Sunday, January 24, 2016

The Blizzard (And Media Coverage)

(This photo of the East Coast blizzard is from CNN.)

The residents of the Texas Panhandle (unlike people in other parts of Texas) understand how difficult it can being in a blizzard can be. We experience them intermittently ourselves. So I empathize with the residents of the nation's East Coast, who are experiencing a particularly bad blizzard. I hope all of you East Coast residents can stay safe, and are inconvenienced as little as possible. You are in my thoughts.

Doesn't it seem strange though (and very convenient) that when cable news networks cover an event like this (and like the shootings in Charleston, Paris, and San Bernardino), no newsworthy event ever happens in the rest of the world? How does this happen? Do the cable news networks send out a "bat signal" to the rest of the world, asking them to cease all activities that could be deemed newsworthy?

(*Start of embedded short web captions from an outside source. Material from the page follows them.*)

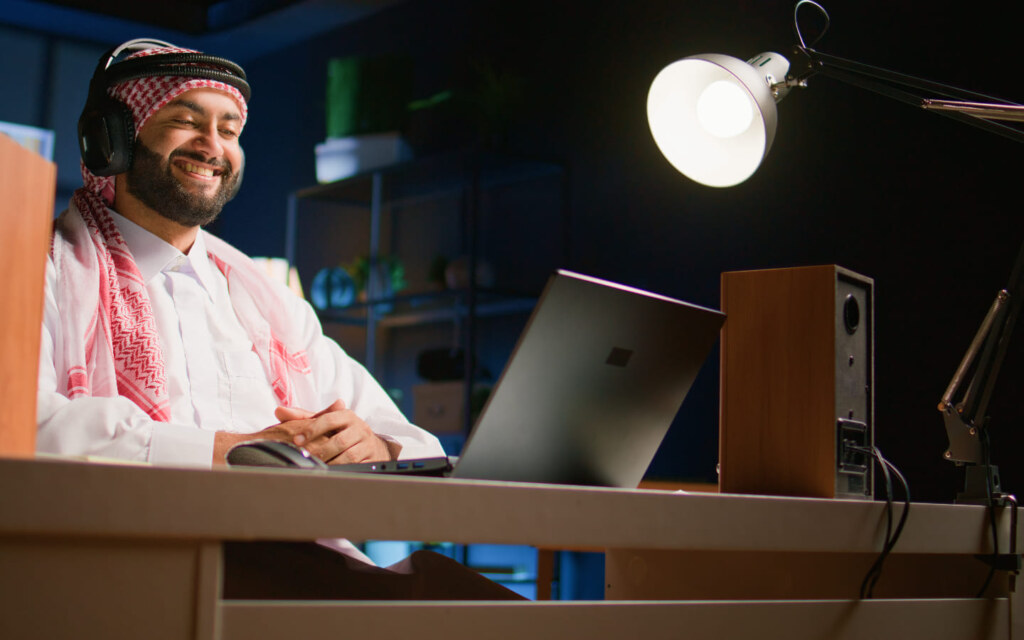 حاضنة الأعمال الافتراضية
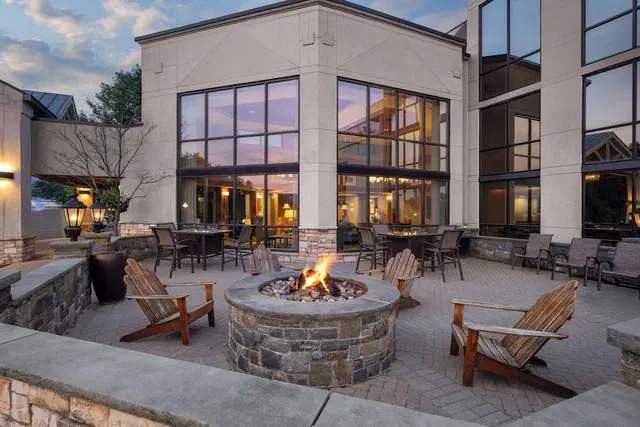 Photo 1 - Holiday Inn Resort Lake George - Adirondack Area by IHG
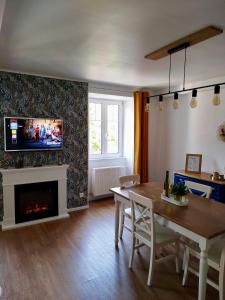 Televízia a/alebo spoločenská miestnosť v ubytovaní Le Carrousel - Appartement cosy centre Obernai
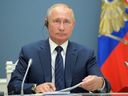 Der russische Präsident Wladimir Putin nimmt am 1. Juli 2020 in Moskau per Videokonferenz an einem trilateralen Treffen mit den Führern des Iran und der Türkei zum Thema Syrien teil.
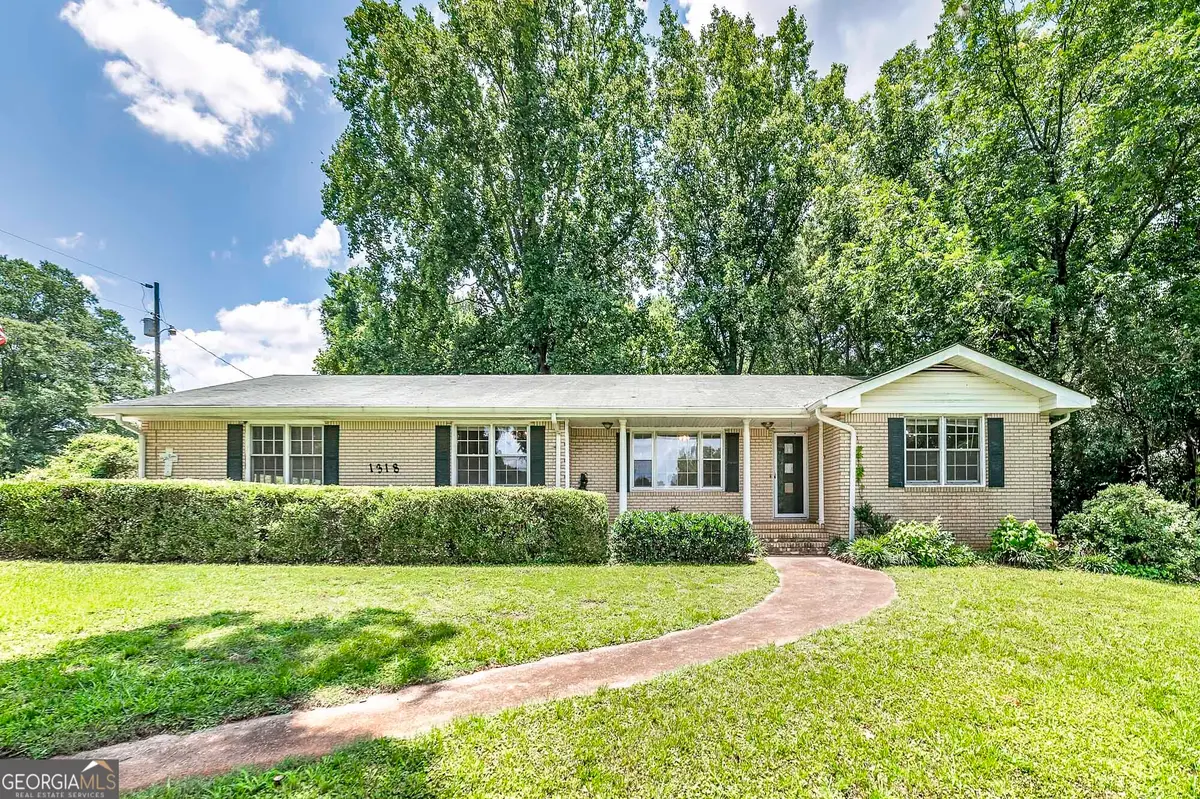 1318 E Lake Road, McDonough, GA 30252 - #1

Of course, I am joking. But it does seem to me that the cable networks could do a better job of covering these events without ignoring the rest of the world's news. Am I being unreasonable? I'd love to know what you readers think.

1 comment:

  1. Reporting in from Snowpocalypse North. (We missed the all-time record in central park by .1 inch, and probably set one out here in Brooklyn,) I can't comment on how the cable news handled it -- I rarely watch them and for interviews, not first-level news -- but they would always be my third choice, after local news and the Weather Channel.
    '
    I do appreciate the 'over-coverage' because I remember weather coverage in the days pre-satellite, pre-computer, and with only primitive radar at best. Not only was it less accurate, people paid it less attention -- with massive fatalities the result at times. Now people believe they know more about what they are talking about and pay attention. This time we had a week of knowing we could get whacked, and people made sure they shopped and were well stocked, when they could be, and mostly stayed home and didn't ignore the warnings. There were some pile-ups, some loss of life, but in the good old days the numbers would have come with an extra zero or two. (And yes, the fact it hit on a Saturday helped, too.)